Islamabad, September 16, 2025 – The Federal Board of Revenue (FBR) has explained how group taxation will work in Pakistan during the tax year 2025-26 under Section 59AA of the Income Tax Ordinance, 2001.
This provision allows holding companies and their wholly-owned subsidiaries to be treated as a single fiscal unit for taxation purposes.
According to the rules, companies within a 100 percent-owned group may choose to file their income and tax liability together. Along with this option, they must also prepare consolidated accounts under the Companies Act, 2017. This approach simplifies compliance and can allow businesses to make better use of resources, while also improving transparency in reporting.

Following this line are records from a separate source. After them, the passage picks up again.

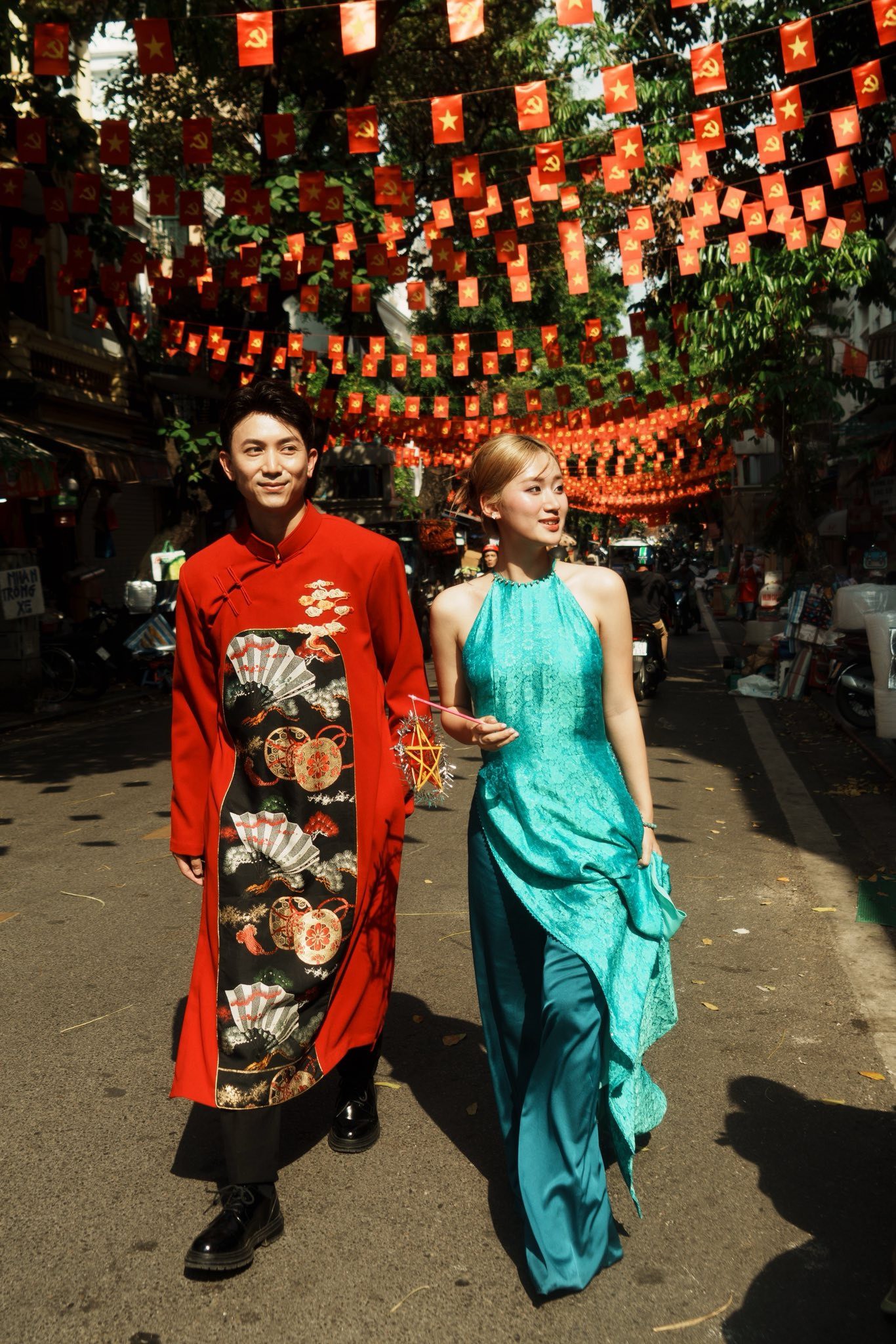 Trong khi Hoàng Anh Vũ, Huỳnh Anh khiến người hâm mộ ngẩn ngơ với vẻ đẹp lịch lãm trong bộ áo dài truyền thống thì XIRI – nữ ca sĩ Gen Z nổi bật với phong cách trẻ trung, năng động, khoe nét tươi mới của tà áo dài cách tân, thể hiện sự giao thoa giữa truyền thống và hiện đại.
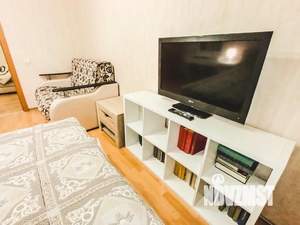 3-к квартира, посуточно, 82м2, 1/1 этаж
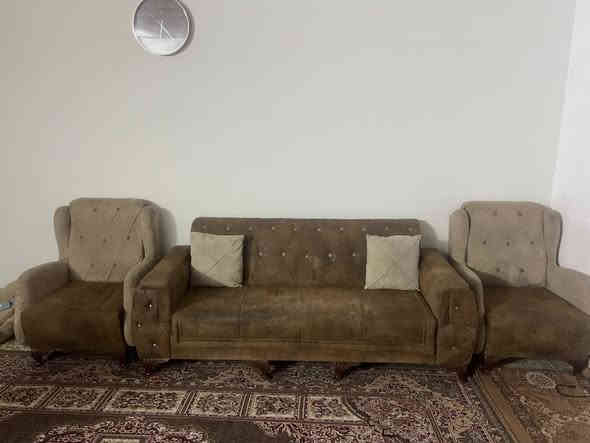 سلام عليكم عندي تخم10مقاعد وكنتور4بيبان نضيف جدا صاج عراقي نضافتة100‎%‎ مع تخم10مقاعد تركي خشب بلوك تركي نضافتة100‎%‎العنوان بغداد الدورة الطعمة للاستفسار الشراي يتصل***********
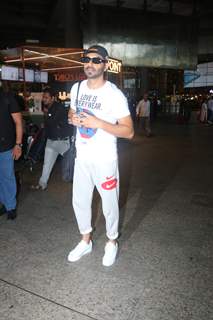  Aparshakti Khurana snapped at the Mumbai airport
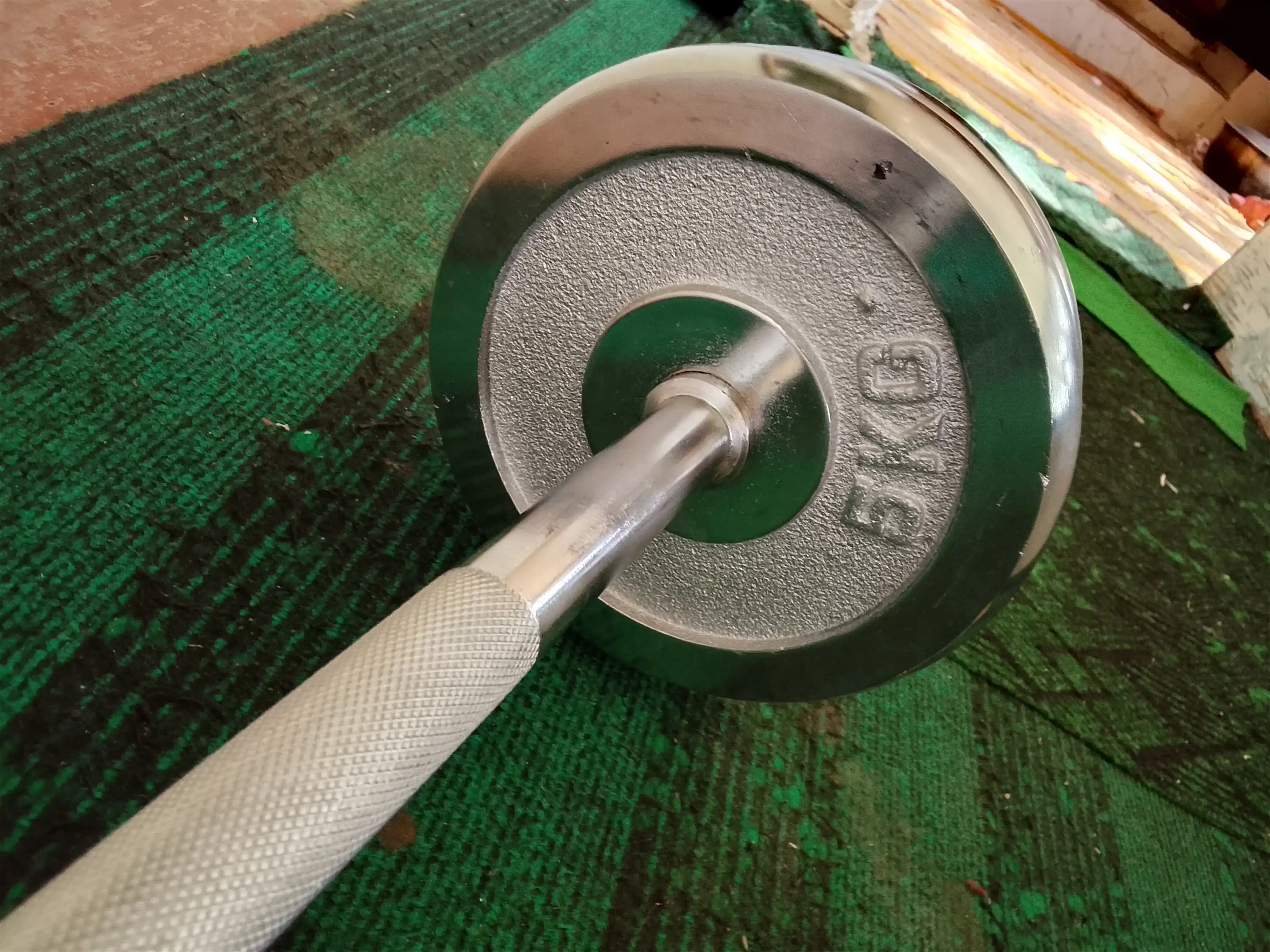 Temir gantellar va shtanga to'plami, chemodanda, 10 kg dan 55 kg gacha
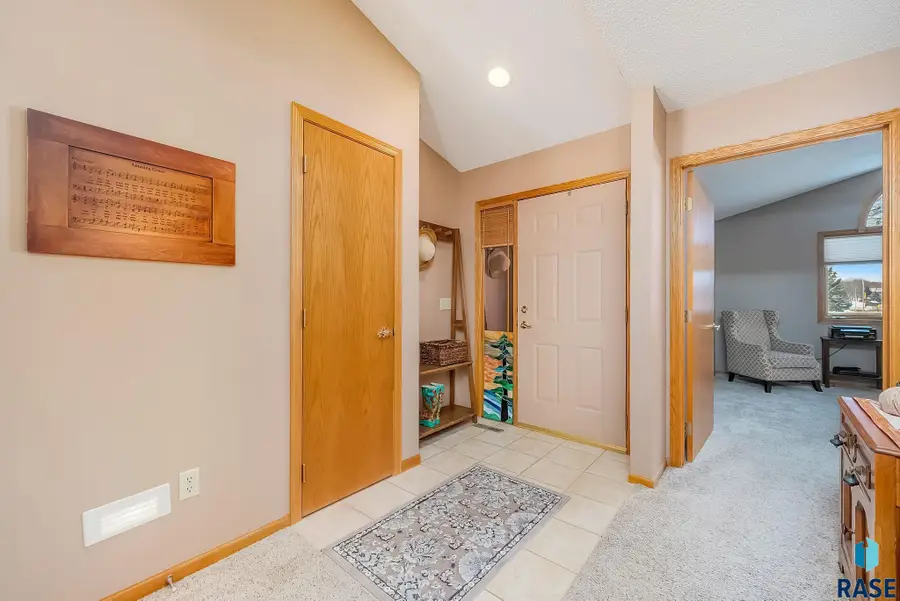 3500 E Kris Dr, Sioux Falls, SD 57103 - #2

However, the decision to opt for group taxation must be irrevocable once made, meaning companies cannot switch back to individual filing later. Importantly, this option is only available to companies incorporated locally in Pakistan, and any losses incurred before the creation of the group cannot be carried forward for relief.
To qualify, group companies must follow all corporate governance standards and rules issued by the Securities and Exchange Commission of Pakistan (SECP). Only those designated as eligible can benefit from this system.
The FBR has clarified that group taxation may also be further detailed through rules issued by the Board, ensuring proper regulation and compliance.
This mechanism is seen as a step to facilitate large business structures by treating them as one unit for taxation, creating efficiency and potentially reducing administrative costs.